■ Data extract
====================

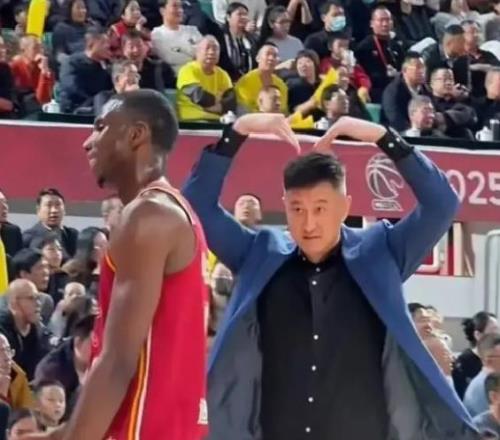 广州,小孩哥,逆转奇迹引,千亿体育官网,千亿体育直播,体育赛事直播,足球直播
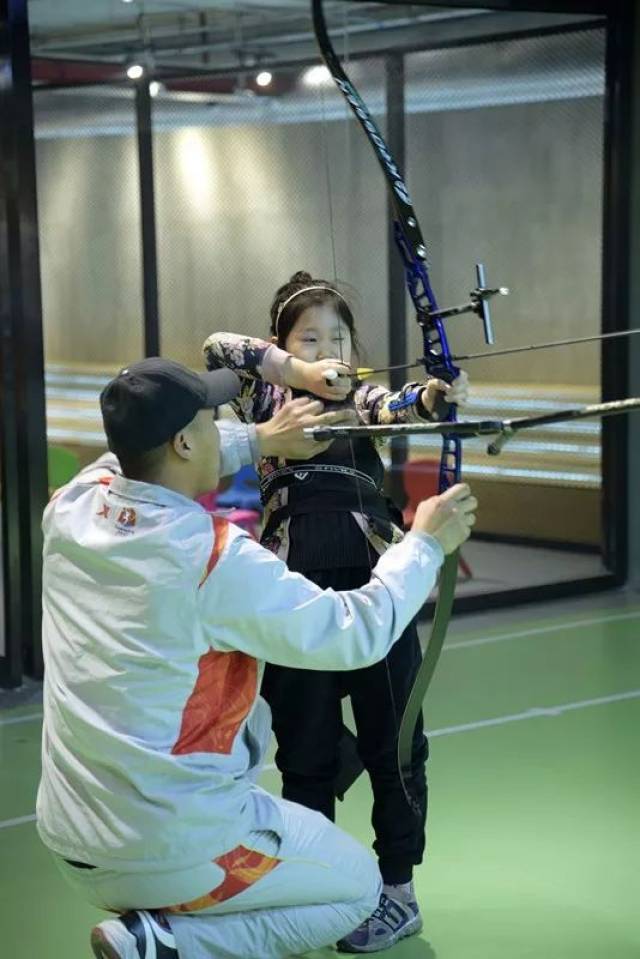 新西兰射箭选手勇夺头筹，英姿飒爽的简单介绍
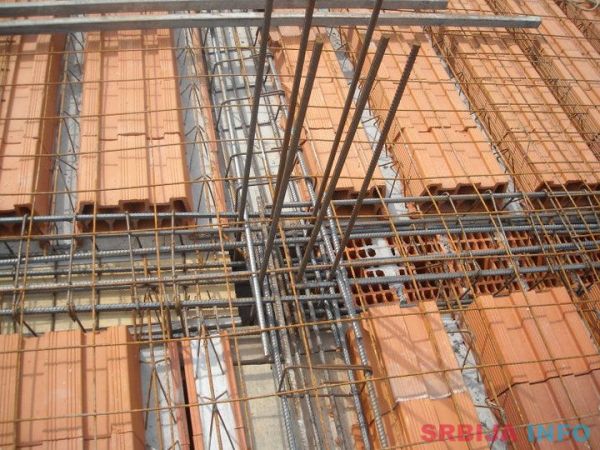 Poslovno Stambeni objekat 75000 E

====================

■ Task directions
All of the data is to be transcribed exactly, with images omitted.

■ Result for this task
 广州,小孩哥,逆转奇迹引,千亿体育官网,千亿体育直播,体育赛事直播,足球直播
 新西兰射箭选手勇夺头筹，英姿飒爽的简单介绍
 Poslovno Stambeni objekat 75000 E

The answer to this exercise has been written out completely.